Ricotta with Strawberry, Cherry or Fig Compote in Balsamic Vinegar: A Quick and Tasty Appetizer
Ingredients (for 2 people)
- 250 g of fresh ricotta (you can also use another soft cheese, such as stracciatella or mascarpone)
- 2 tablespoons of Midolini Balsamic Strawberry Compote Alternative: Midolini Balsamic Cherry Compote or Midolini Balsamic Fig Compote
- Balsamic Midolini Aged 10 or 15 Years (optional, to add a finishing touch)
- Fresh mint leaves (optional, for garnish)
- Fresh fruit (optional, to accompany: strawberries, cherries, or sliced figs)
- Extra virgin olive oil (for a final drizzle, optional)
Procedure
1Prepare the fresh cheese:
Drain the ricotta well to remove excess whey and make the cheese creamier. If you want, you can also work it with a fork to make it softer and velvety.
Arrange the ricotta on a serving dish, forming small portions or leaving it whole, depending on your preference.
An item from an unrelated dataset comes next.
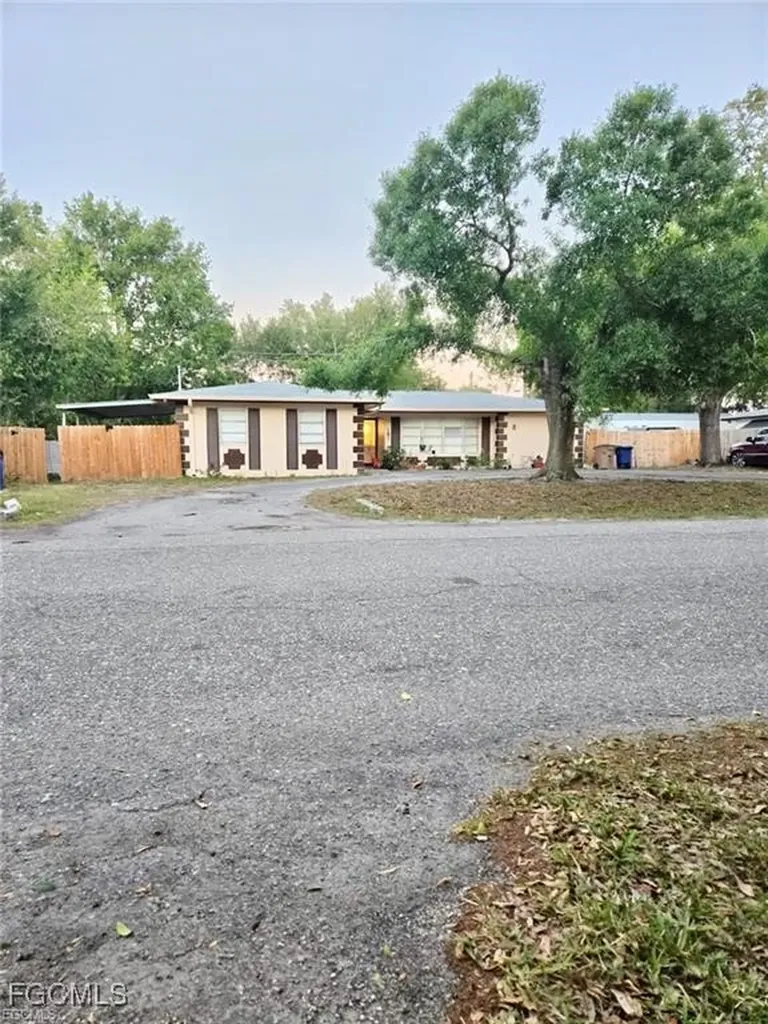 187 Louise Street Fort Myers FL 33905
Add the fruit compote to the balsamic vinegar:
Choose the Midolini Strawberry, Cherry or Fig Compote with Balsamic Vinegar. Add a generous spoonful of the compote over the ricotta.
If you like, drizzle with a little Midolini Balsamic Vinegar Aged 10 or 15 Years to enhance the flavour and give a more intense balsamic note to the dish.
Garnish and serve:
Garnish with some fresh mint leaves for a touch of freshness.
If you like, you can add some sliced fresh fruit (strawberries, cherries or figs), to make the dish even richer and more colorful.
Serve:
Serve this dish as an appetizer or as an elegant snack, accompanied by toasted bread or croutons, if desired.